++++ Provided material
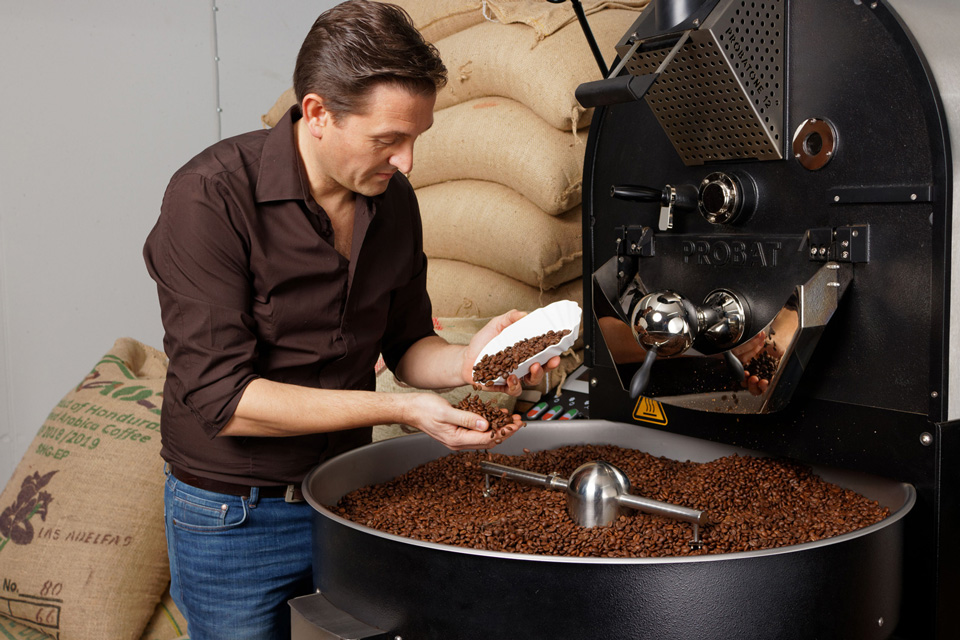 Person schüttet sich für die Endkontrolle Kaffeebohnen in die Hand 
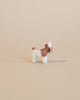 A small handcrafted Ostheimer Goat Kid - Standing with a brown body and white face and legs, standing against a plain beige background.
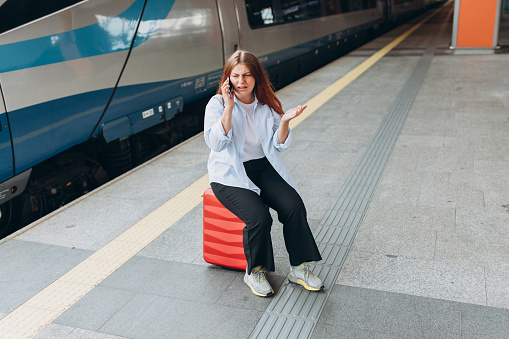 Young angry redhead woman waiting train on station platform, she lost or late, unhappy girl talking on smart phone. Railroad transport concept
++++++++
*What you will do*: Working from the listing above, retype it exactly but include no images.

*Answer section*:
 Person schüttet sich für die Endkontrolle Kaffeebohnen in die Hand 
 A small handcrafted Ostheimer Goat Kid - Standing with a brown body and white face and legs, standing against a plain beige background.
 Young angry redhead woman waiting train on station platform, she lost or late, unhappy girl talking on smart phone. Railroad transport concept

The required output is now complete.